I don’t believe that profane words have an inherent unintelligent quality to them. Swear words are like any tool, it is all about context and use. This also ties in with the excessive use argument, in the sense that these two things are commonly used in conjunction to express an unintelligent idea. I am not saying that there aren’t words with connotation, there are. I just don’t think profanity falls under this supposed umbrella. A statement that possesses profanity is not inherently unintelligent because of the profanity. It’s about context; if “fuck” is used in a statement meant to convey anger, then the word will take on an identity of anger. If you use “asshole” in a non-malicious manner or tone, to refer to your friend, then it will likely be perceived as a friendly jibe.
To clarify; a word having a direct meaning and a word yielding an effect in culture are two different things. Swearing, gives a certain weight to your words. When you swear, your tone, expresses a certain level of significance; it gives a sense of severity and gravity. For example, if I were to say, “My boss was very disagreeable and agitating today,” I may get a small amount of sympathy, but the overall response would likely be “Yeah, those are bosses.” My statement may also not convey the emotion I want, or portray my boss in the egregious manner that I believe is accurate. Whereas “My boss acted like a complete asshole today,” may yield a more profound, sympathetic, and engaged response. It may also properly express the magnitude of how much of a jerk my boss was being. The overuse of profane words however robs the statement of any significance you were trying to express. Overuse also robs the profane words of any weight themselves, since they are thrown around as if they are pennies.
There’s also another practical use for swearing; one that I feel is abused a lot, but when used moderately: useful, nonetheless. Swearing creates an idea shorthand. All words are stand-ins for ideas, profanity is no exception. Instead of saying, “My boss acted rude, disrespectful, annoying, loud, unsympathetic, self-centered, and inconsiderate,” I can just simply say, “My boss was acted like an asshole.” You understand the idea, and it’s fast.

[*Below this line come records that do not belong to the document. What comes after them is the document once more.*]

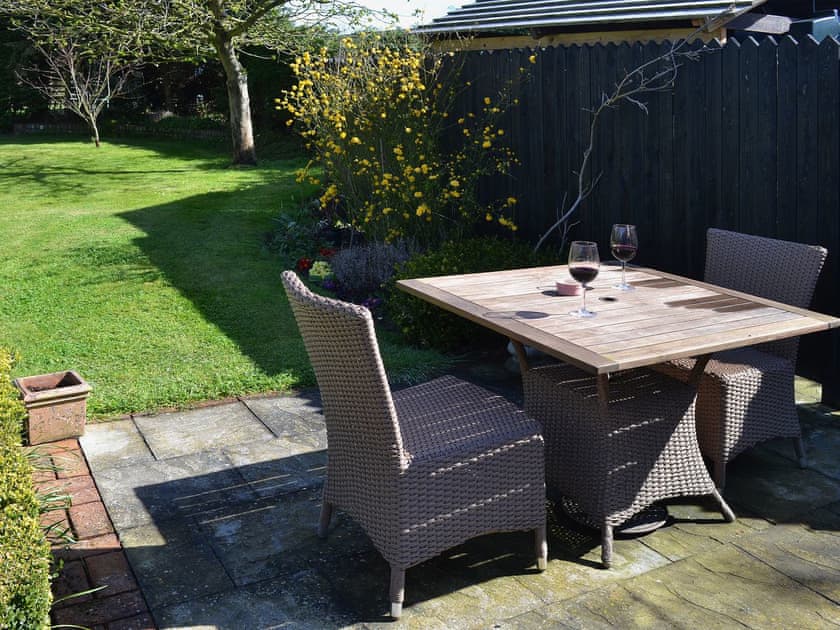 The patio is an ideal spot to have an outdoor meal or relax with a glass of wine | The Gardener’s Cottage - Canterbury Cottages, Shatterling, near Canterbury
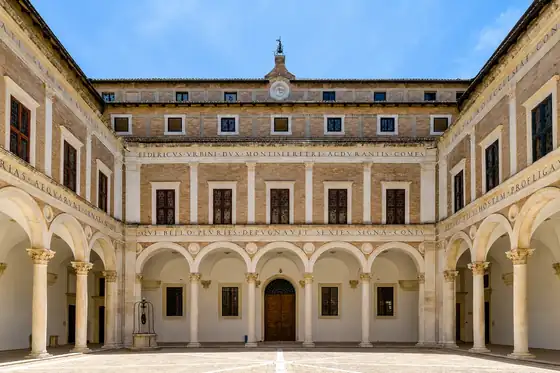 Urbino i Pałac Książęcy: arkadowy dziedziniec z zegarem i kolumnami w Urbino.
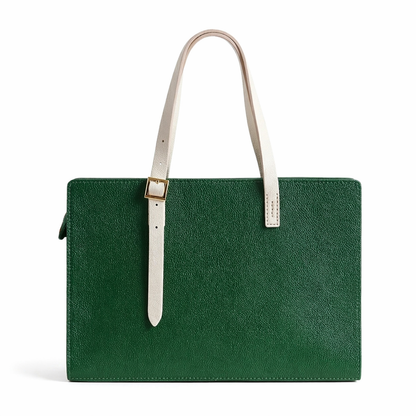 Green leather handbag with a white strap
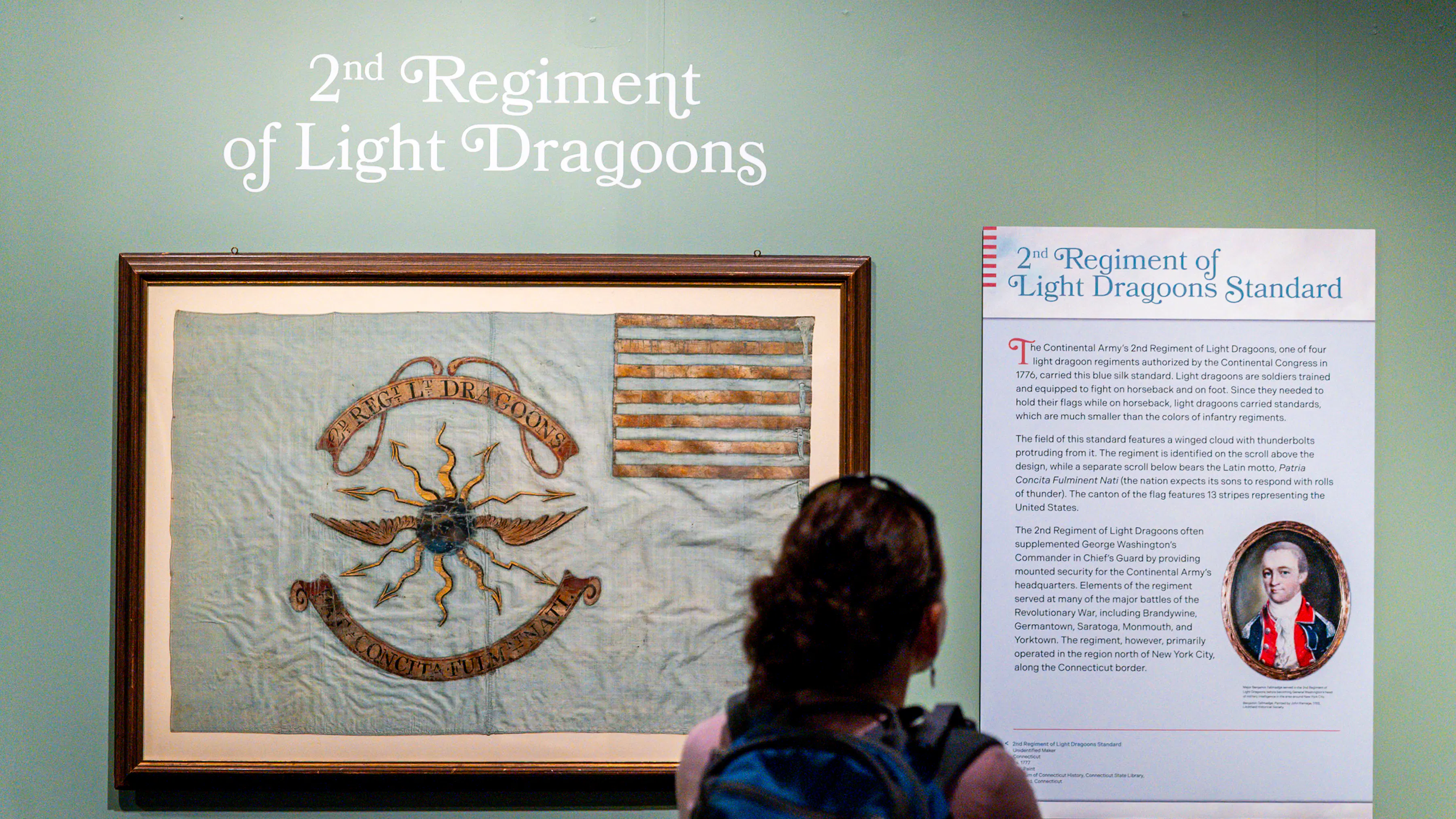 This image shows a woman looking at a light blue Revolutionary War flag and a Museum panel hung over a green wall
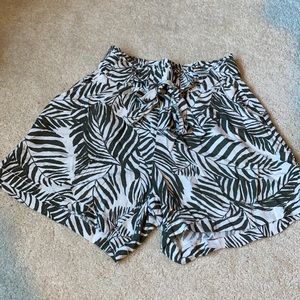 White shorts with tropical leaf prints.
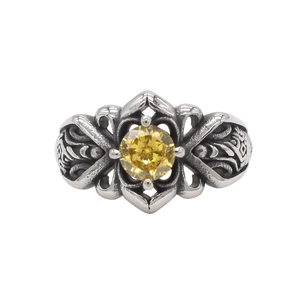 Dettaglio macro di anello vintage in acciaio al titanio con motivi gotici e pietra gialla
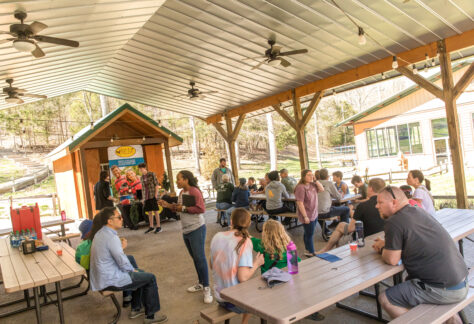Deer Run Camps Open house event taking place- guests socialize at creekside veranda as staff greet and tell them about Summer Camps.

There are situations, however, where swearing as shorthand is not always acceptable; situations that require more detail and clarity. For example, if you are in a debate with a person and they begin to behave or say something that seems unethical to you; for you to say “You’re being an asshole,” is not an appropriate response given the situation and “asshole” does not offer any clarity on their inappropriateness of their behaviors. “Asshole” in this context is too ambiguous of a term to serve as commentary on one’s behavior.
The last argument my coworker brought up was the argument of swearing as immoral. Swearing has no inherent morality. It is all about the context of how the word’s use, not because of some inherent immoral attitude the words possess. I say all this because it is a flawed notion to make such a huge value judgement on a person’s intellect, and morality by the simple nature of them swearing. Swearing just needs to be used responsibly.